Developing a complex setup#
This is the advanced part of the manual. After this section, you will be able to develop kernels, and complex routines inside FARGO3D.
One of the most useful features of FARGO3D is the fact that you do not
have to develop CUDA kernels yourself, neither even learn CUDA. All
the CUDA code is written automatically with the help of
scripts/c2cuda.py
.
But developing FARGO3D is not only a matter of kernels. We will not write an extensive documentation on each topic, but instead, we will develop a routine in detail and, at the same time, give a brief explanation .
We will develop routines for simulating an exploding 2D periodic media, where the explosions are governed by a random generator, and we will develop a cooling function for the gas. This cooling function will be a kernel. The explosions will be modeled by energy spheres, appearing at random positions, and at random times. Also, we will include a magnetic field.
The name of our setup will be “explosions”.
Setup folder#
The very first step is to create the directory to store the setup. We
will store all the files inside setups/explosions. This setup is
similar to the otvortex setup, so we can copy all the files inside
this setup and modify them. We need to keep explosions.bound.0,explosions.opt, explosions.par
and condinit.c
files:
$ cd setups
$ mkdir explosions
$ cp otvortex/* explosions/
$ cd explosions
$ mv otvortex.par explosions.par
$ mv otvortex.opt explosions.opt ... etc for all files that begin with 'otvortex'
Do not forget to change the outputdir
and the SetUp
parameter
of the .par file (OutputDir outputs/explosions, SetUp
explosions). Also, we will add some viscosity and resistivity to our
setup (add the option -DVISCOSITY
to the .opt file, and set
nu=0.001 and eta=0.001 in the parfile).
We can check that the setup can run:
$ make SETUP=explosions view
$ ./fargo3d setups/explosions/explosions.par
We see the otvortex setup, but with the name explosions.
Initial Condition#
Because we want explosions at random times, this kind of setup cannot
be entirely dealt with in condinit.c
. We will develop in the next
section an additional routine, called from the main loop, to handle
explosions. In the initial conditions we define a first explosion, at
a random position.
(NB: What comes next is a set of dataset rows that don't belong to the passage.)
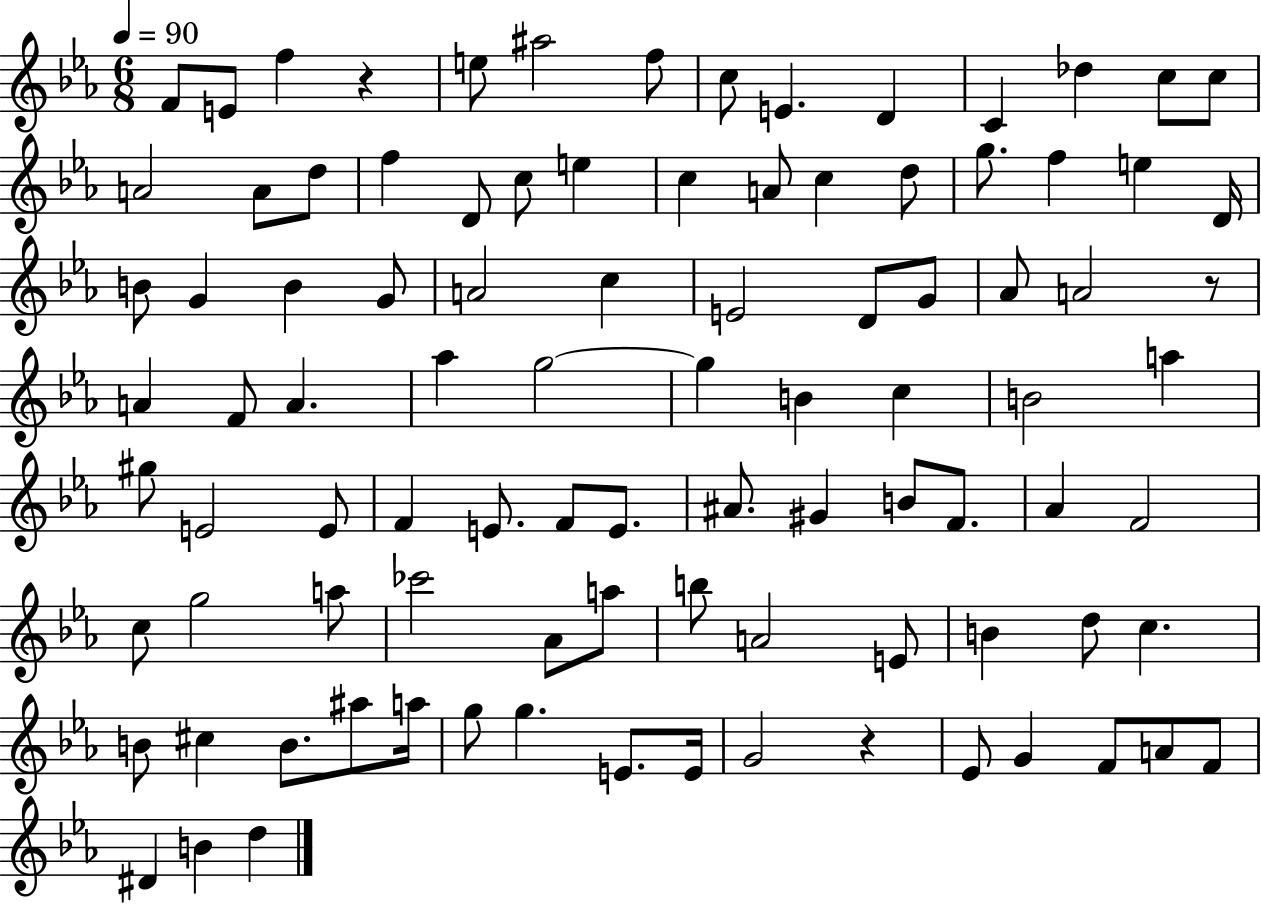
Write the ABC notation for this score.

X:1
T:Untitled
M:6/8
L:1/4
K:Eb
F/2 E/2 f z e/2 ^a2 f/2 c/2 E D C _d c/2 c/2 A2 A/2 d/2 f D/2 c/2 e c A/2 c d/2 g/2 f e D/4 B/2 G B G/2 A2 c E2 D/2 G/2 _A/2 A2 z/2 A F/2 A _a g2 g B c B2 a ^g/2 E2 E/2 F E/2 F/2 E/2 ^A/2 ^G B/2 F/2 _A F2 c/2 g2 a/2 _c'2 _A/2 a/2 b/2 A2 E/2 B d/2 c B/2 ^c B/2 ^a/2 a/4 g/2 g E/2 E/4 G2 z _E/2 G F/2 A/2 F/2 ^D B d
The routine that we will create in the next
section will resemble this one, which we write in the file
setups/explosions/condinit.c
. It should be similar to:
#include "fargo3d.h"
void Init() {
int i,j,k;
real yr, zr, yr0, zr0;
int yi, zi;
real* vx = Vx->field_cpu;
real* vy = Vy->field_cpu;
real* vz = Vz->field_cpu;
real* bx = Bx->field_cpu;
real* by = By->field_cpu;
real* bz = Bz->field_cpu;
real* rho = Density->field_cpu;
real* e = Energy->field_cpu;
real sphere_radius = 0.05;
yr = YMIN+drand48()*(YMAX-YMIN);
zr = ZMIN+drand48()*(ZMAX-ZMIN);
yr0 = yr;
zr0 = zr;
if (yr > YMIN + (YMAX-YMIN)/2.0)
yr -= (YMAX-YMIN);
else
yr += (YMAX-YMIN);
if (zr > ZMIN + (ZMAX-ZMIN)/2.0)
zr -= (ZMAX-ZMIN);
else
zr += (ZMAX-ZMIN);
sphere_radius *= sphere_radius; //we take the square.
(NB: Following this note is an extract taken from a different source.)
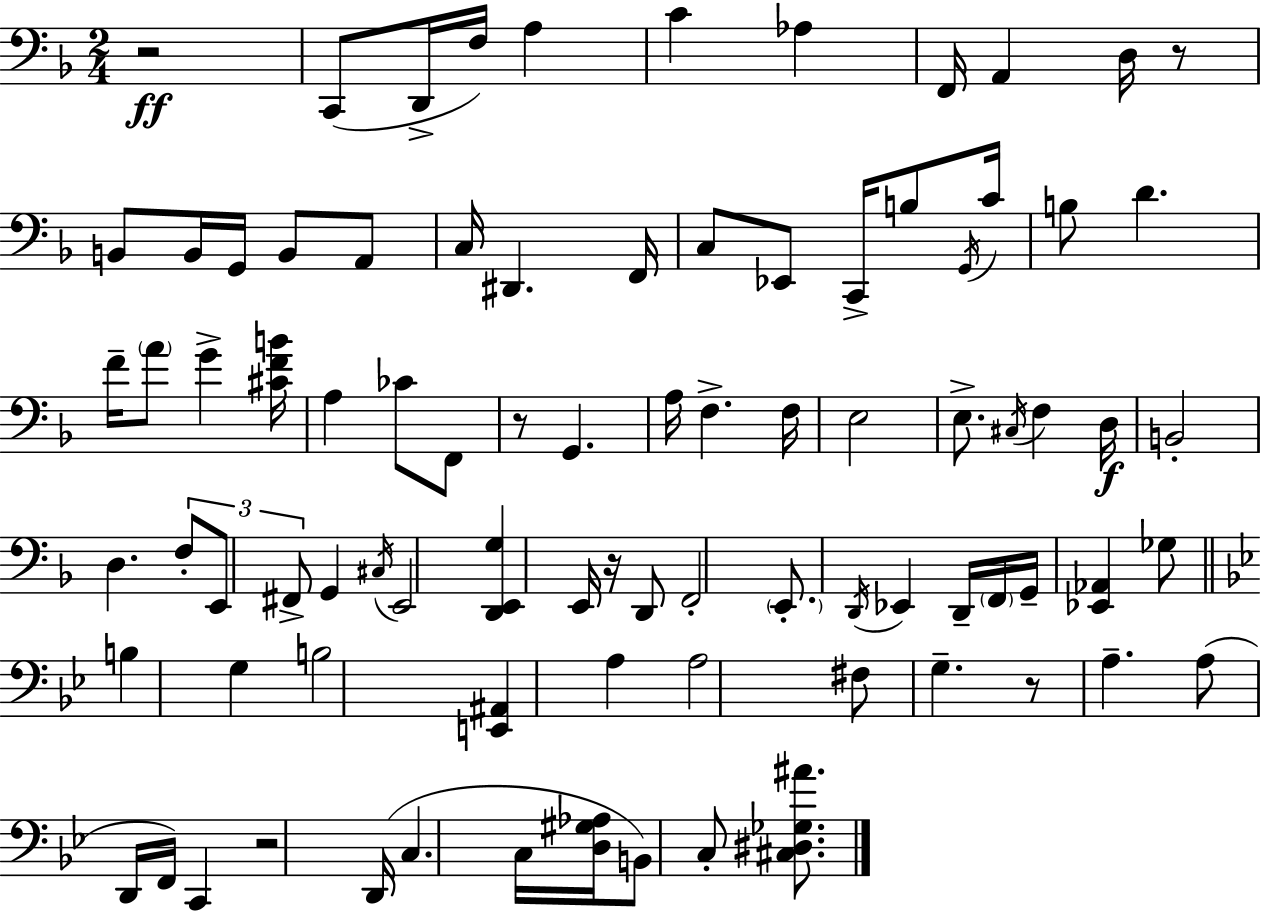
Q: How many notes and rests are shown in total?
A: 87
for (k=0; k<Nz+2*NGHZ; k++) {
for (j=0; j<Ny+2*NGHY; j++) {
for (i=0; i<Nx; i++) {
rho[l] = e[l] = 1.0;
vx[l] = vy[l] = vz[l] = 0.0;
bx[l] = by[l] = 0.0;
bz[l] = 0.1;
if ((Ymed(j)-yr)*(Ymed(j)-yr) + (Zmed(k)-zr)*(Zmed(k)-zr) <= sphere_radius)
e[l] = 5.0;
if ((Ymed(j)-yr0)*(Ymed(j)-yr0) + (Zmed(k)-zr)*(Zmed(k)-zr) <= sphere_radius)
e[l] = 5.0;
if ((Ymed(j)-yr)*(Ymed(j)-yr) + (Zmed(k)-zr0)*(Zmed(k)-zr0) <= sphere_radius)
e[l] = 5.0;
if ((Ymed(j)-yr0)*(Ymed(j)-yr0) + (Zmed(k)-zr0)*(Zmed(k)-zr0) <= sphere_radius)
e[l] = 5.0;
}
}
}
}
void CondInit() {
Fluids[0] = CreateFluid("gas",GAS);
SelectFluid(0);
Init();
}
Note
the four tests account for the periodicity of the mesh, as they take into account the main explosion and its replica in the neighboring domains.
Time dependent explosions#
Now, we want to add explosions at random times in our simulation. This
should be done at the end of each DT. Remember that DT
is a
parameter chosen by the user in the parameter file, that sets the fine
grain temporal resolution of the code. It is not the time step imposed
by the CFL condition, which is usually (which should be, at least)
much shorter than DT.
The loop of time steps of total length DT
is performed in the main()
function,
in the file src/main.c
. We need to call our explosions within this loop.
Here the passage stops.